I suggest the following wording to section 275.203A-2(f)(1)(i): Conducts substantially all of its advisory business though an interactive website on the Internet or through internet communication vehicles such as email, where the client has little or no in-person contact with the advisory firm or its personnel.

I also suggest the following wording to section 275.203A-2(f)(1)(ii): Maintains in an easily accessible place, for a period of not less than five years from the filing of a Form ADV that includes a representation that the adviser is eligible to register with the Commission under paragraph (f)(1)(i) of this section, a record demonstrating that substantially all of its advisory business has been conducted through an interactive website or through internet communication vehicles such as email.

I also suggest the following wording to section 275.203A-2(f)(2)(ii): Substantially all means that at least 80% of the investment adviser's clients obtain their investment advice from the adviser exclusively through the interactive website or through internet communication vehicles such as email. Where the primary method of communication is through in-person contact with the client, supplemented by email communication, this exemption does not apply. Fewer than 20% of clients can receive in-person investment advice.

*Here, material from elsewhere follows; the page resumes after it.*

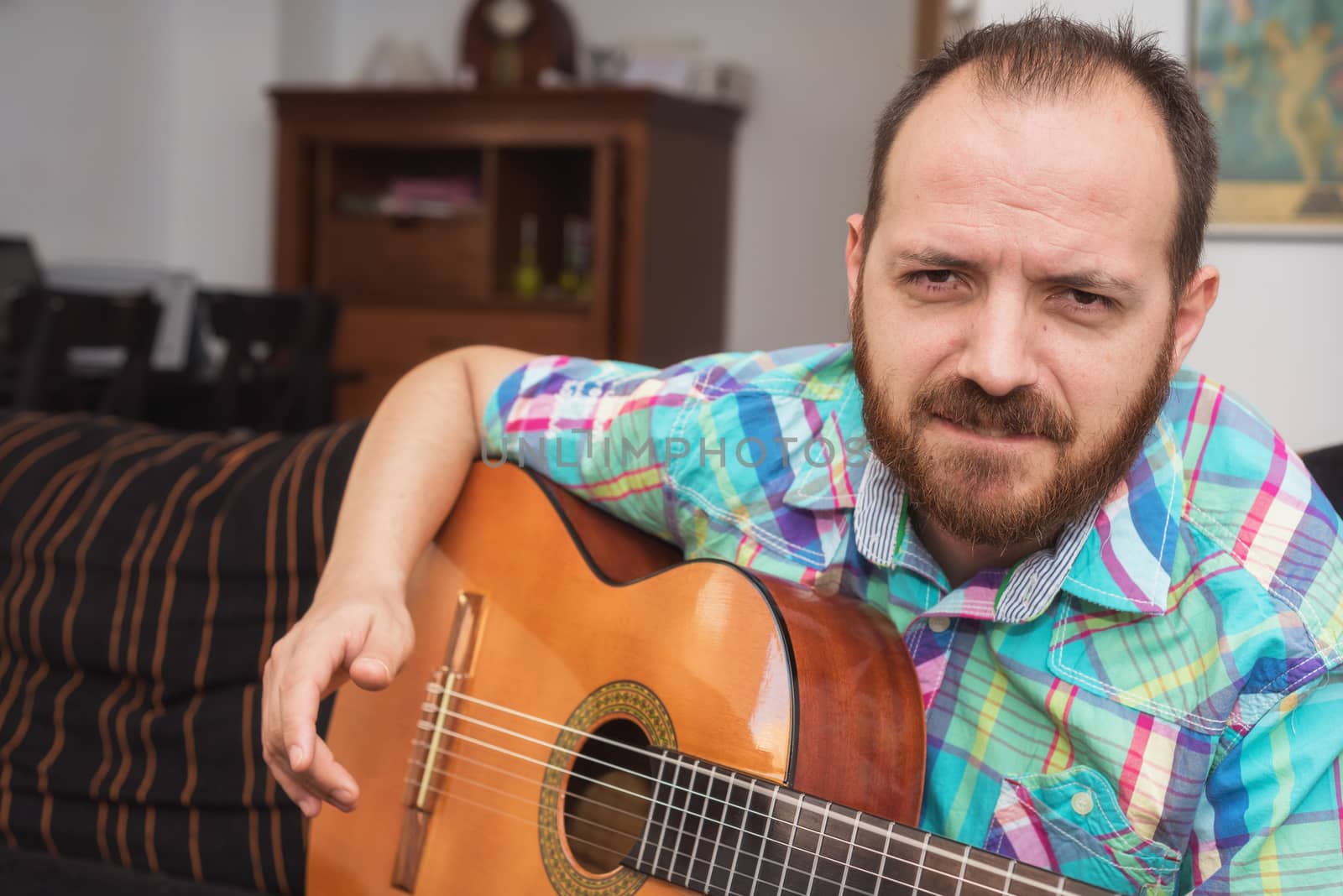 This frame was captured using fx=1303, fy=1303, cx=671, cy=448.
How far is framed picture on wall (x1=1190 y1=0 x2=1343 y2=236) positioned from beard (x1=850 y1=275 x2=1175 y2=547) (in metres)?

I also suggest new section 275.203A-2(f)(2)(iii): Internet communication vehicles such as email means that client financial information, goals, and risk tolerance are delivered through questionnaires and messages between the client, the client's other financial advisors, and the investment adviser primarily through email submission and that the investment adviser's analyses and reports to the client and the client's other financial advisers are delivered primarily through email submission.

Thank you for consideration of this request.